Bacaan Niat Kurban Idul Adha dan Terjemahannya yang Penting untuk Diketahui
Temukan bacaan niat kurban Idul Adha dan terjemahannya, serta pentingnya niat dalam ibadah kurban.
Niat kurban adalah bagian penting dari ibadah Idul Adha yang dilakukan oleh umat Muslim. Bacaan niat kurban Idul Adha dan terjemahannya perlu dipahami agar pelaksanaan ibadah ini sah dan diterima oleh Allah SWT. Dalam artikel ini, kita akan membahas bacaan niat kurban, baik untuk diri sendiri maupun untuk orang lain, serta waktu yang tepat untuk mengucapkannya.
Niat kurban merupakan ungkapan tekad dan kehendak hati seorang Muslim untuk melaksanakan ibadah kurban dengan ikhlas. Menurut Imam An-Nawawi, niat adalah syarat sah berkurban. Tanpa niat, kurban tidak sah dan tidak mendapatkan pahala. Oleh karena itu, penting bagi setiap Muslim untuk memahami dan mengucapkan niat kurban dengan benar.
Dalam melaksanakan ibadah kurban, bacaan niat harus diucapkan pada saat penyembelihan hewan kurban. Bacaan niat dapat dilafalkan dalam bahasa Arab, transliterasi Latin, dan terjemahan dalam bahasa Indonesia. Mari kita simak lebih lanjut mengenai bacaan niat kurban untuk diri sendiri dan untuk orang lain.

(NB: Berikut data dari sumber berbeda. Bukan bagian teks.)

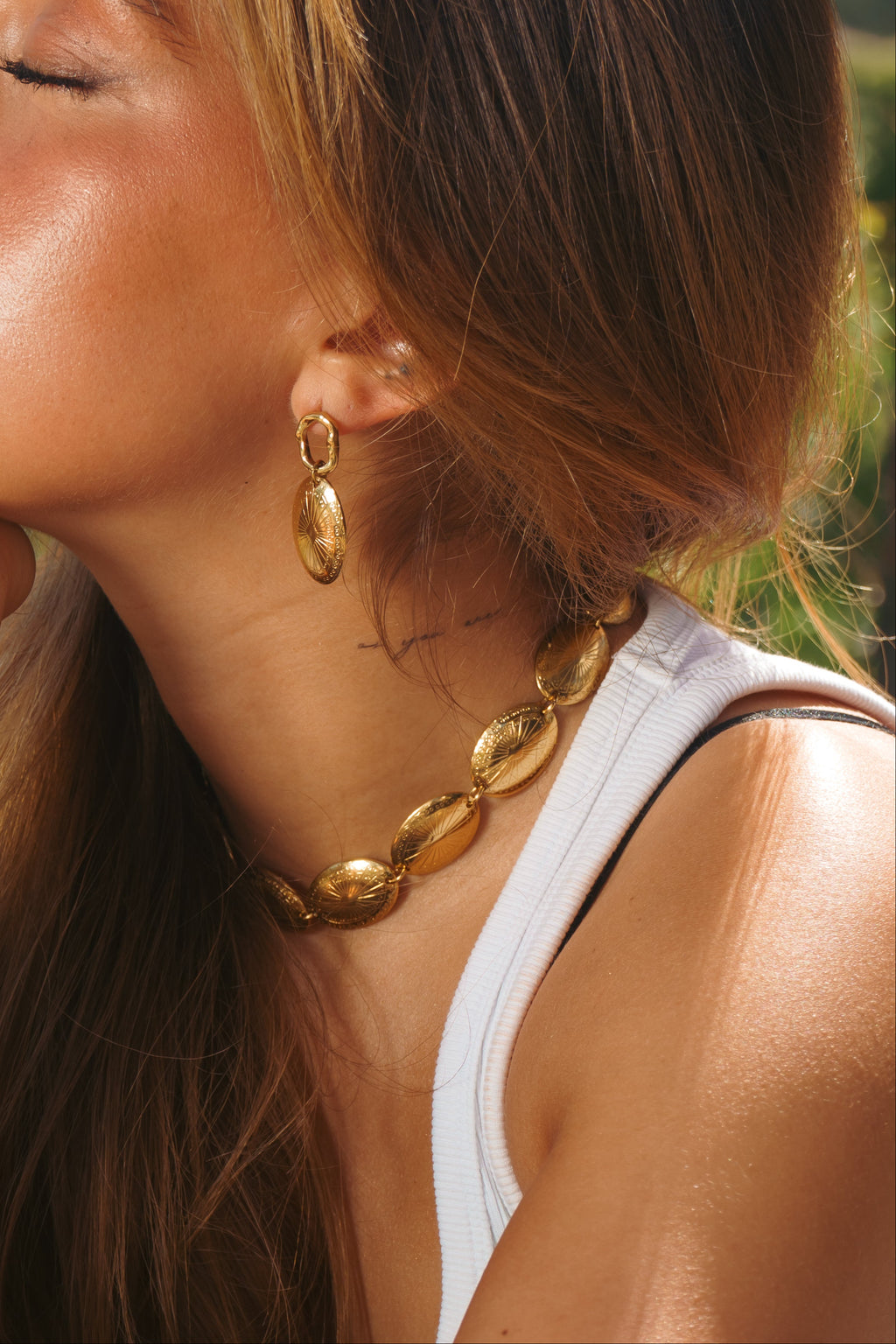 EARLY NECKLACE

1. Bacaan Niat Kurban untuk Diri Sendiri
Bagi seorang Muslim yang ingin berkurban untuk dirinya sendiri, berikut adalah bacaan niatnya:
- Bacaan Arab: نَوَيْتُ أَنْ أُضَحِّيَ عَنْ نَفْسِيْ سُنَّةً لِلّٰهِ تَعَالَ
Nawaitu An Udhahhi An-Nafsii Sunnatan Lillaahi Ta'ala
- Terjemahan Bahasa Indonesia: Aku Niat berkurban untuk diri sendiri sunnah karena Allah Ta'ala.
Variasi lain dari niat kurban untuk diri sendiri juga dapat diucapkan sebagai berikut:
- Bacaan Arab: نويت أن أاضحي للهِ تَعَالى.
Nawaitu An Udhohhi Lillaahi Ta'ala.
- Terjemahan Bahasa Indonesia: Aku niat berkurban karena Allah Ta'ala.
2. Bacaan Niat Kurban untuk Keluarga atau Orang Lain
Ibadah kurban juga dapat diniatkan untuk orang banyak, termasuk keluarga. Bacaan niat untuk berkurban bagi orang lain adalah sebagai berikut:
- Bacaan Arab: نَوَيْتُ أَنْ أُضَحِّيَ عَنْ أَحْمَدَ و …، و…، و… سُنَّةً لله تَعَالَى.
Nawaitu An Udhahhi An Ahmad, wa…., wa…., wa… Sunnatan Lillaahi Ta'ala.
- Terjemahan Bahasa Indonesia: Aku niat berkurban untuk Ahmad, … dan… (disebutkan 7 orang) berupa kurban sunnah karena Allah Ta'ala.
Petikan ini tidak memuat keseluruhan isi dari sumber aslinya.